I would expect a lookup with pre-load cache to run in the same time
as using a lookup against the persistent cache. All you ‘saved’ is the time to load the cache - although you had to do it in another DF which itself takes time.

If there are a lot of values to load into the cache, and a lot of lookups spread throughout the job you might save some time by only loading the cache once. However, if you’re doing this sort of thing the chances are the lookup table itself is being modified and every time that happens the persistent cache will need to be reloaded.


dastocks (BOB member since 2006-12-11)

Exactly, i should win the time to build up the lkp-cache. Example:

Pre-load cache lookup flow:

  1. Build up cache: 10 minutes
  2. Lookup values: 15 minutes
    Total: 25 minutes

In this case i would expect the PC (persistant cache)-flow would take 15 minutes in stead of 25 (compared to the normal cached lookup).
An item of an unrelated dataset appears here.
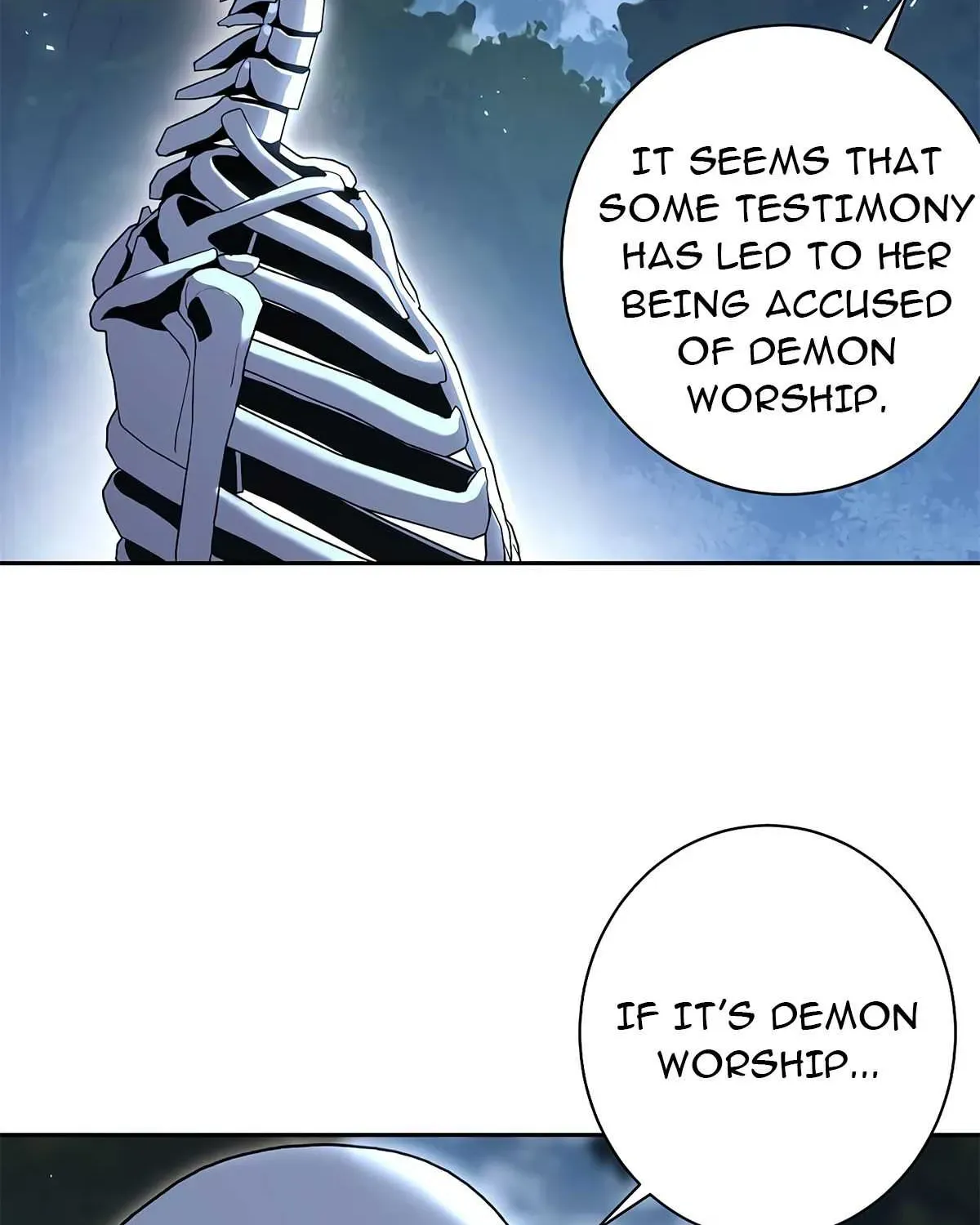 Skeleton Soldier Chapter 124 page 65 -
Because the PC-table is allready build and it only has to execute step #2.

Reality is it doesn’t, it takes 25 minutes… I don’t get it…


BBatenburg :netherlands: (BOB member since 2008-09-22)

I believe that the jobserver only tries to keep the PC data in memory on a ‘best endeavours’ basis. If the PC data is flushed from memory and then read from disk again for each lookup DF you’re probably not gaining anything.

Is the DF doing the lookups running with In-memory or Pageable cache? - this might make a difference. You could also try setting the lookup itself to run as a seperate process within the DF.

Some years ago I tried using the PC for all static (or near static) dimension lookups in a CDC job that runs in a continuous loop. There was no perceptible difference in performance, and I couldn’t see any benefits elsewhere (e.g. reduced load on DB server) so I decided it wasn’t worth the bother.

It would be interesting to hear from anyone who lurks on this forum who does use the persistent cache.


dastocks (BOB member since 2006-12-11)

Assuming we’re talking about batch jobs…

Persistent Cache doesn’t keep anything in memory across dataflows. Every time you go to do a lookup against the persistent cache datastore, it has to re-read it off of disk. Whereas your database engine (Oracle, MySQL) has substantial caching capability, assuming you have plenty of memory.

Where Persistent Cache is useful is where you have to build a very complex lookup that can be reused several times in a job, or, if the looked-up data is remote (over a slow WAN connection) and you want a local copy. In both cases, the cost/time of building that lookup would have to be exceeded by the benefit of having the cache local to DI on-disk. As you experienced, it often doesn’t.

What would be much more useful IMO is for DI to allow In-Memory Datastores to be usable with batch jobs (not just realtime). Then you could pin your frequently-used dimension lookups into memory.


dnewton :us: (BOB member since 2004-01-30)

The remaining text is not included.